The study attempts to investigate the significant spatiotemporal variations in the continental United States’ streamflow as a response to large-scale climate signals across multiple spectral bands (SBs). Using non-parametric (long-term) trend and (abrupt) shift detection tests, coupled with discrete wavelet transform, 237 unimpaired streamflow stations were analyzed over a study period of 62 years (1951 to 2012), looking at the water year and seasonal data, along with three discrete SBs of two, four, and eight years. Wavelet coherence analysis, derived from continuous wavelet transform, determined the association between the regional streamflow patterns and three large-scale climate signals, i.e., El Nino Southern Oscillation (ENSO), Pacific Decadal Oscillation (PDO), and Atlantic Multi-decadal Oscillation (AMO), across continuous SBs ranging from two to 16 years. The results indicated significant positive (negative) trends and shifts in the northeastern and north-central (northwestern) regions with an increase in the number of stations as the SBs increased.
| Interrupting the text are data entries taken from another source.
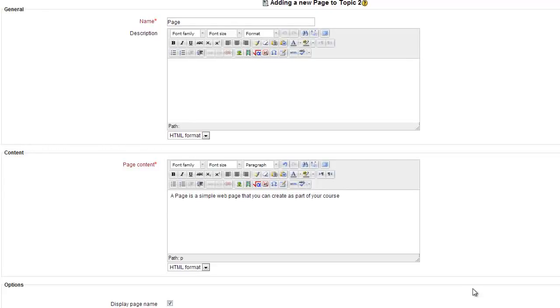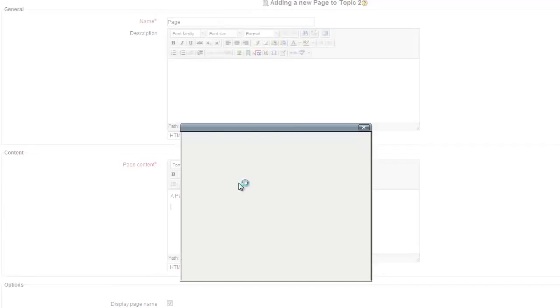To put an image into your page, click where you'd like the image to go and then click on this Insert Edit Image button.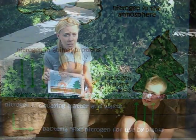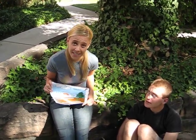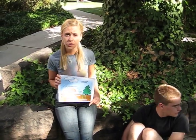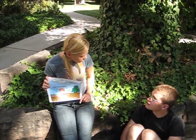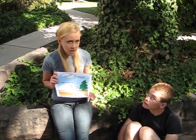We have to begin somewhere on the nitrogen cycle, so let's start by talking about decomposition. Well, there's a problem — I don't see any decomposing matter around here. Do you? No? Well, I have an idea.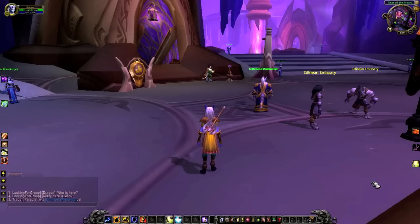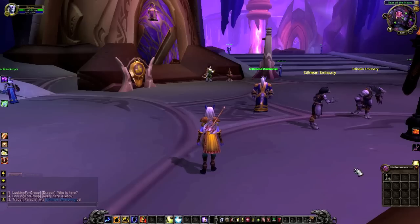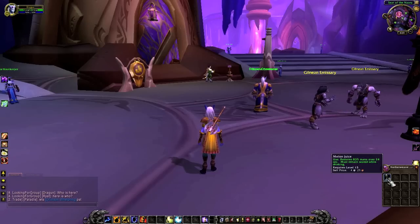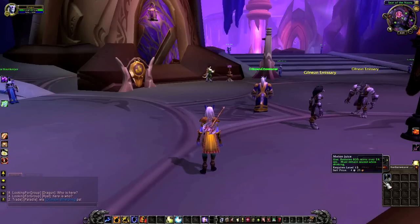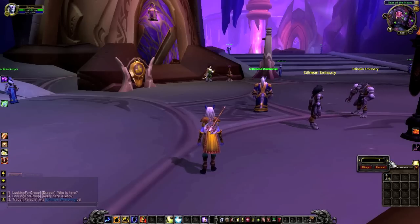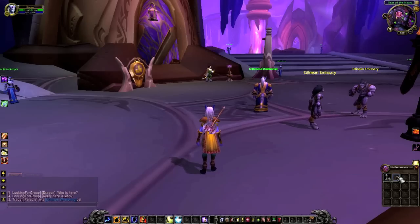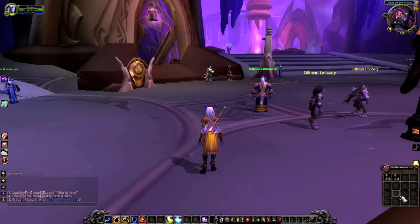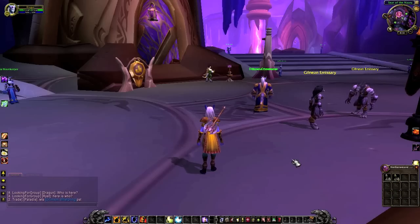To separate item stacks in WoW, simply hold shift and left click. Select the number you would like to separate, hit OK, and place the item in a different slot in your bag.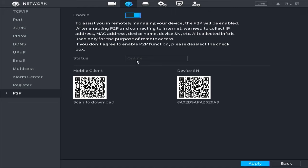Then, proceed to download the DMSS application by scanning this QR code or by directly searching for DMSS in the Play Store or App Store.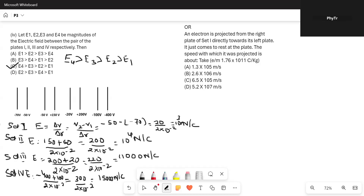Now the OR part of the fourth sub-question: an electron is projected from the right plate of Set 1 and it comes to rest at the left plate. We have to find the speed with which it was projected. So we need to find the initial velocity u, and the final velocity v is given as 0.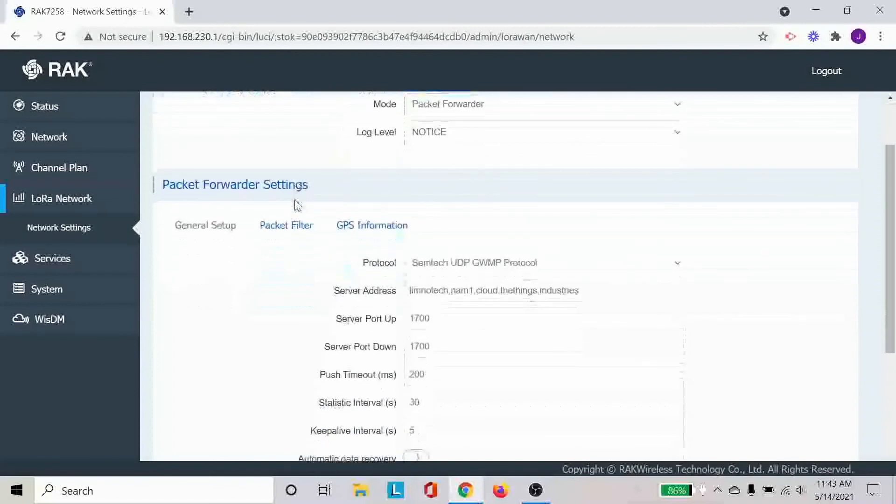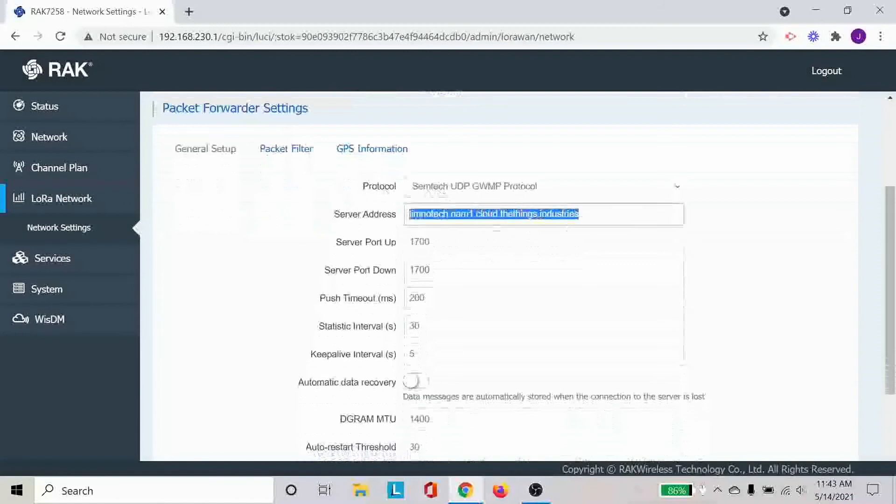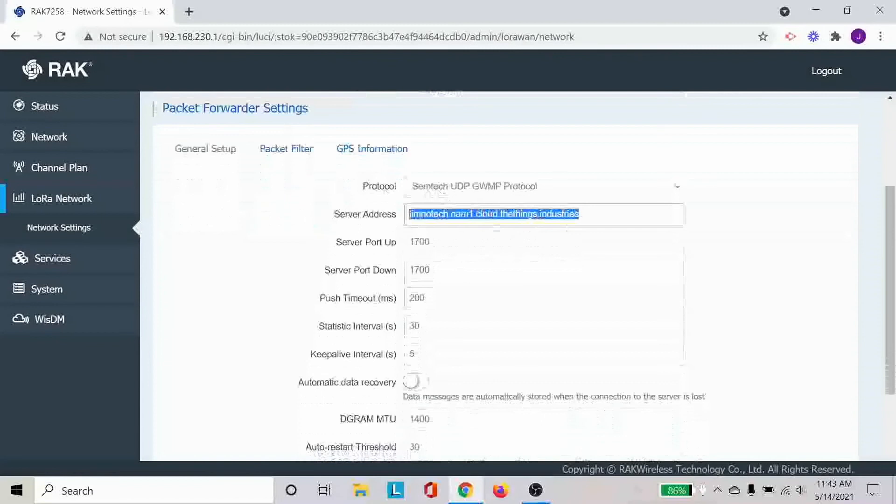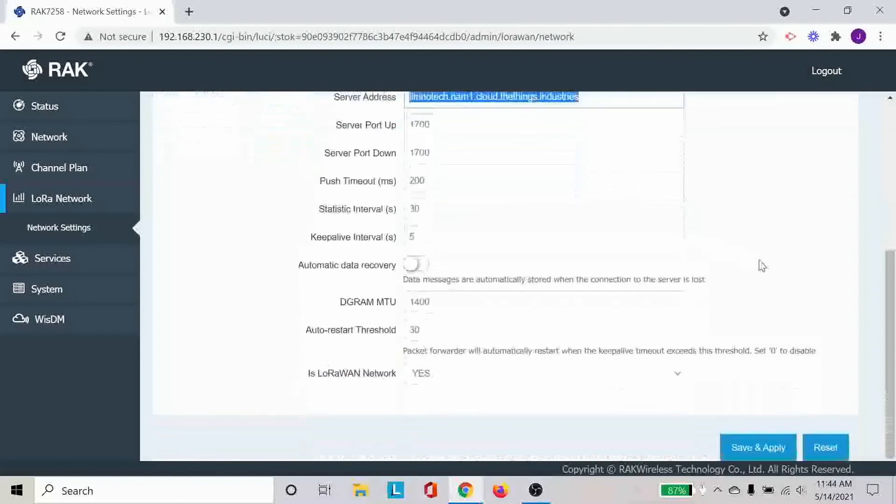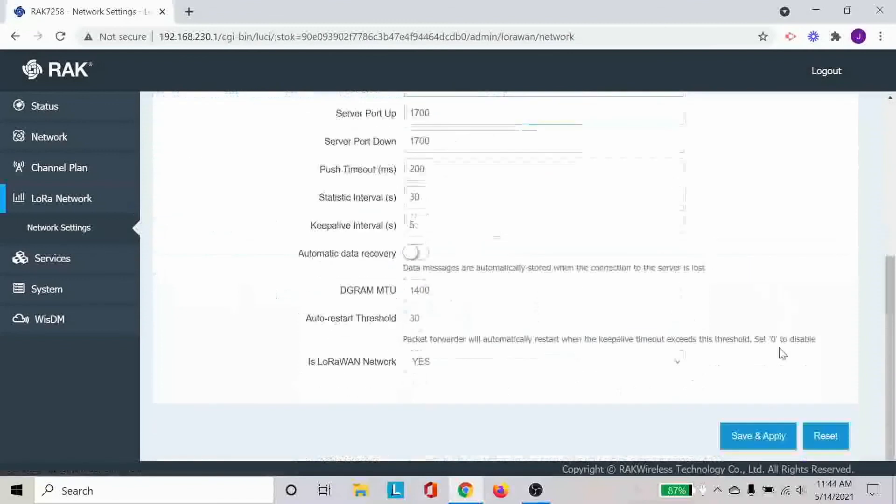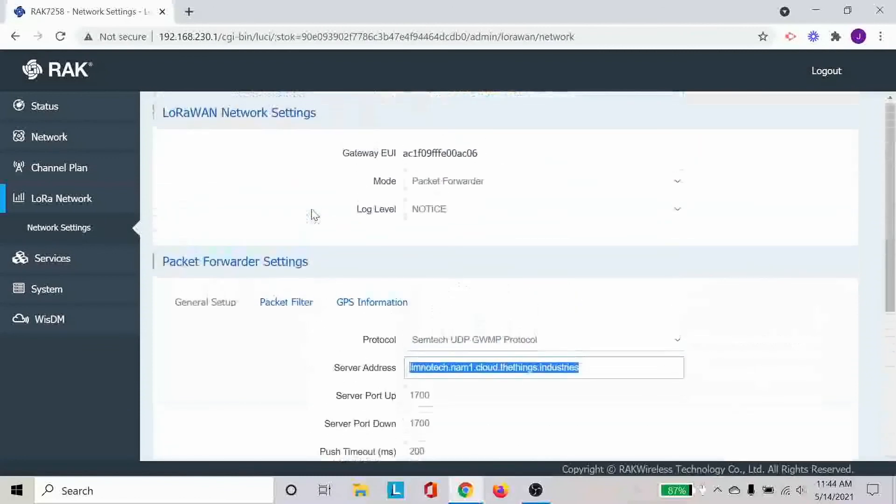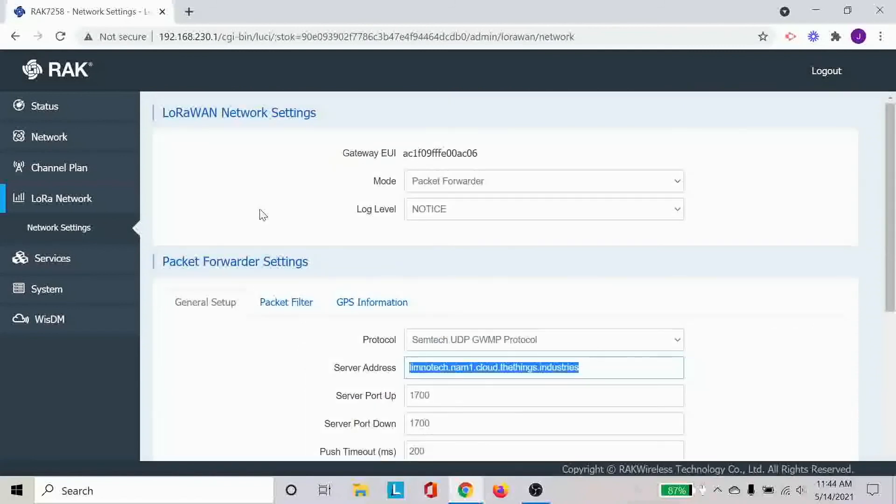The other setting that I wanted to mention is this server address. So this is essentially the server address for wherever you want the gateway to upload data to. In this case, we are using the liminal tech things network address. But in your case, you can change that to whatever address that you have. And after all of these settings are done, you can again click save and apply. And the router will be able to reconfigure itself for proper connections.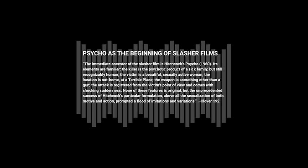The immediate ancestor of the slasher film is Hitchcock's Psycho. Its elements are familiar. The killer is the psychotic product of a sick family, but still recognizably human.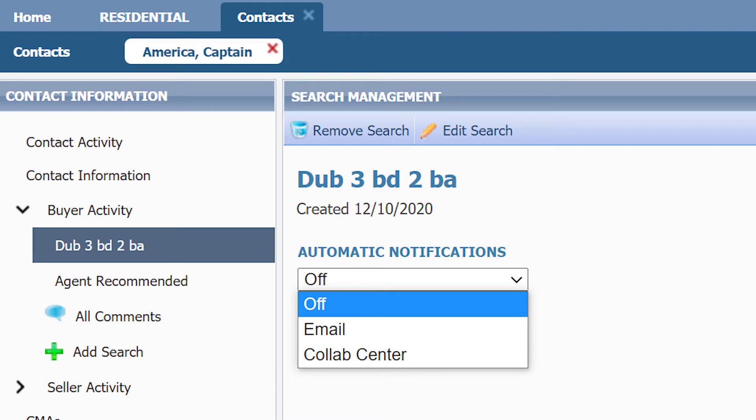Email notification is the traditional auto email and collab center is a more personal website tailored to your client to hold all listings. If you want to know more about collab center, check out the grab and go video: What is collab center?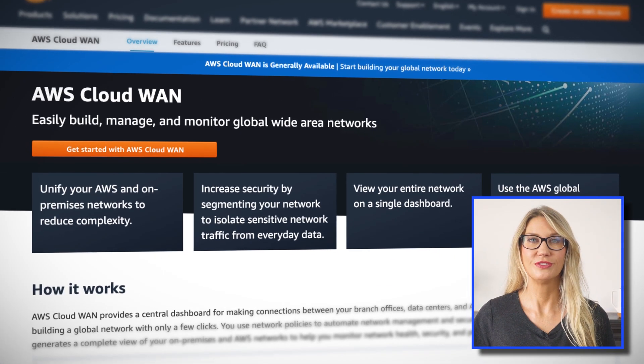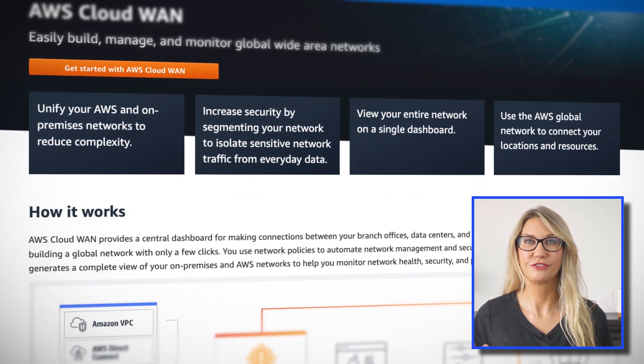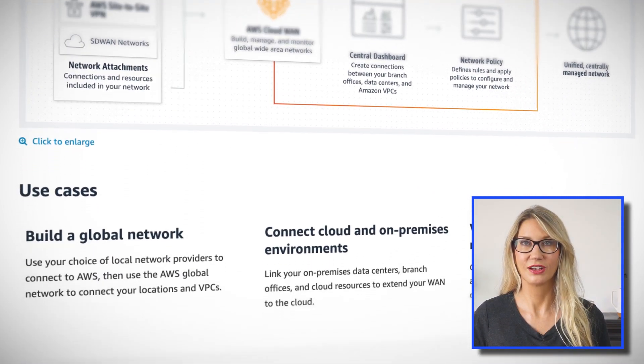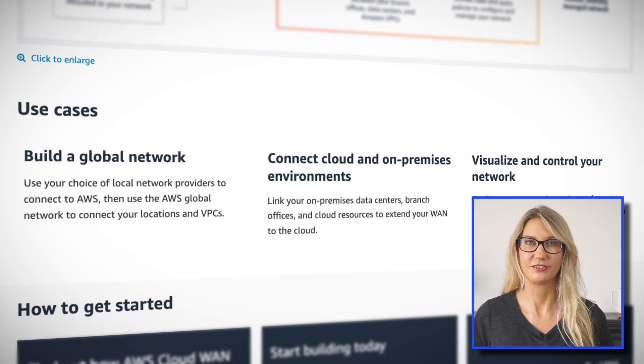AWS CloudWAN is now in general availability and this is a new service that enables you to easily create a global wide area network to manage traffic running between your resources in AWS and your on-premises systems. Using CloudWAN you can connect your VPCs and on-premises locations using VPN, Direct Connect, or a third-party software-defined WAN, and it will automatically create a global network across AWS regions using border gateway protocol, which is basically the routing protocol for the internet.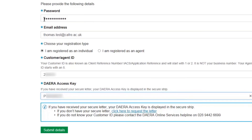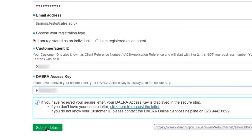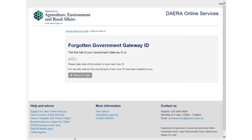Select the Submit Details button. If the information provided is valid, the first half of the ID will be displayed on screen. The second half of the ID will be sent to your Government Gateway email address.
The spatiotemporal association between regional streamflow and the climate signals varied significantly (from no correlation, Rn2~ 0, to perfect correlation, Rn2~ 1.0) even amongst adjacent regions. Among the climate signals, ENSO showed the highest association (Rn2~ 1.0), having a consistent phase relationship with the regional streamflow patterns, especially in the higher SBs. PDO (with the least influence among the three signals) and AMO showed stronger associations, mostly in the lower SBs. These results may help explain the teleconnections between the climate signals and the US streamflow variations across multiple SBs, which may lead to improved regional flow regulations.